**WHAT IS REQUIRED**:
From the data that follows, print exactly the lines starting at the one containing "Bright glossy sticker" and ending at the one containing "Merry Memories 4oz"; include both of them and nothing more.

**INFORMATION**:
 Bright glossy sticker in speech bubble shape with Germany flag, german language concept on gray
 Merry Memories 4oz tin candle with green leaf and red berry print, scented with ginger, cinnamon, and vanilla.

...

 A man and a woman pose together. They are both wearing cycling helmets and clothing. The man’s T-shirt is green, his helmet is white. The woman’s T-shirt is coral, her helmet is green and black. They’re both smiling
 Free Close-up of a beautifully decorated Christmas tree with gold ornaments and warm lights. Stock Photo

**WRITTEN SOLUTION**:
 Bright glossy sticker in speech bubble shape with Germany flag, german language concept on gray
 Merry Memories 4oz tin candle with green leaf and red berry print, scented with ginger, cinnamon, and vanilla.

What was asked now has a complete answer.